Querido vô Israel,
Venho aqui te pedir “desculpas”, palavra apropriada para a ocasião, por evocar a culpa que estou sentindo pelo que estou fazendo agora.
Estou fazendo a solicitação de minha cidadania polonesa, e cada poro de minha pele sabe o quanto sofrerias, ao ficar sabendo disso. Nem imaginas o quanto sofres, dentro de mim, lá onde carregamos para o nosso sempre aqueles que já partiram.
Foste muito importante na minha vida, vô Israel, pelo tanto que transmitias da alegria de viver. Alegria havia na mãe, no pai e nos outros três avós, mas em ti ela sobrava e, por isso, era repartida generosamente com quem a pegava. Eu peguei.
A alegria com que caminhavas até o Centro da cidade, onde compravas para ti e para nós chocolates na Neugebauer, a alegria com que tomavas chimarrão, logo cedo de manhã e à tardinha, a alegria com que bebias Underberg antes de cada refeição, com que tomavas banho de mar em Capão da Canoa, com que passeavas com o cachorro e vibravas quando ele começava a dar aquelas voltinhas, prenúncio inegável de que ia fazer cocô.
A alegria com que contavas piadas sempre altamente bagaceiras e filosóficas, muitas delas equivalentes aos chistes que, mais tarde, eu leria em Freud, a alegria com que lias, no jornal ídiche, Scholem Alechem e Isaac Bashevis Singer, teu conterrâneo que te inspirava a escrever poemas que nunca mostraste. Uma alegria imensa que só era interrompida quando falavas da Polônia e eras então invadido pelas lembranças do antissemitismo e de todos os parentes mortos, durante a invasão nazista, de que só foste individualmente poupado por teres saído um pouco antes para viver o sonho aventureiro de um jovem sedento por um mundo melhor.
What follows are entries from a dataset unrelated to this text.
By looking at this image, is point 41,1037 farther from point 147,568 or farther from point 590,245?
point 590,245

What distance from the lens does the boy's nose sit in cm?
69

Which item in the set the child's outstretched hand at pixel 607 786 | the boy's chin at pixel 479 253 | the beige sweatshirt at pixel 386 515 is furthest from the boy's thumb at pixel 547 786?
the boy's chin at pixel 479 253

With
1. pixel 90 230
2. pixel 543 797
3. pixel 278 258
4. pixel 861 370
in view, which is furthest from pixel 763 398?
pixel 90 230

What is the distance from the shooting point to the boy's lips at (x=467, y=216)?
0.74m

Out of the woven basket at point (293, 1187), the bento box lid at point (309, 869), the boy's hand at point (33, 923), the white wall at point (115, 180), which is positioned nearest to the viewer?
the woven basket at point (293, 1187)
E dê-lhe mais histórias de um caixeiro-viajante no Brasil, banhando o imaginário de um neto e de seus amigos que até hoje lembram daquele homem com o seu cachimbo apontado para o futuro.
Mas toda alegria tem o seu antídoto e a tua, vô Israel, chamava-se Polônia, este país que precisaste deixar tão cedo e que, pouco depois, deixou matar os teus pais, os teus demais familiares e amigos, na aldeia de Krásnik, com exceção de um que escapou aos massacres e lá ficou, sozinho e louco, conhecido, deste então, como “o louco da aldeia”, história confirmada pelo filho de algum outro aldeão que conheci ao acaso, em uma festa parisiense nos anos 90, onde lhe contei o teu ódio pelo país de origem, único momento em que eu via a tua alegria interrompida, como na Copa do Mundo de 74, quando torceste furiosamente contra a seleção polonesa.
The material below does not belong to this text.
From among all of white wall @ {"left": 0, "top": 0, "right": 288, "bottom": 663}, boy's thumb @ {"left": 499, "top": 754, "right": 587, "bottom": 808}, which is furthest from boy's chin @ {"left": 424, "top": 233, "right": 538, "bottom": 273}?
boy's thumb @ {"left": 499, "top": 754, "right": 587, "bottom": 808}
Por isso, querido vô Israel, venho aqui pedir desculpas e assegurar-te que não estou perdoando aqueles poloneses que jamais quiseste perdoar e, sim, solicitando um documento que me permita permanecer na França por mais de três meses, sem precisar ser maltratado pelo Serviço de Imigração daquele país, como sofri naqueles anos 90, pouco depois que nos despedimos pela última vez, quando a tua alegria novamente foi interrompida pela tristeza de ver um neto partindo para a Europa.
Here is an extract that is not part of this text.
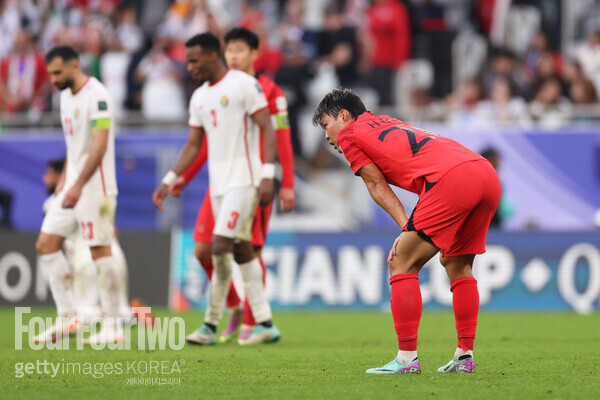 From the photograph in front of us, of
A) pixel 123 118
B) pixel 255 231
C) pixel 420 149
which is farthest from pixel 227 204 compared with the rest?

Guardo um profundo respeito pelo teu ressentimento irreparável diante do que fizeram com os teus e com os nossos, embora eu acredite que hoje são os outros os poloneses, incluindo aquela poeta que, por questões cronológicas, não pudeste conhecer, e aquele seu verso verdadeiro sobre a alma, isso que só de vez em quando é possível ter.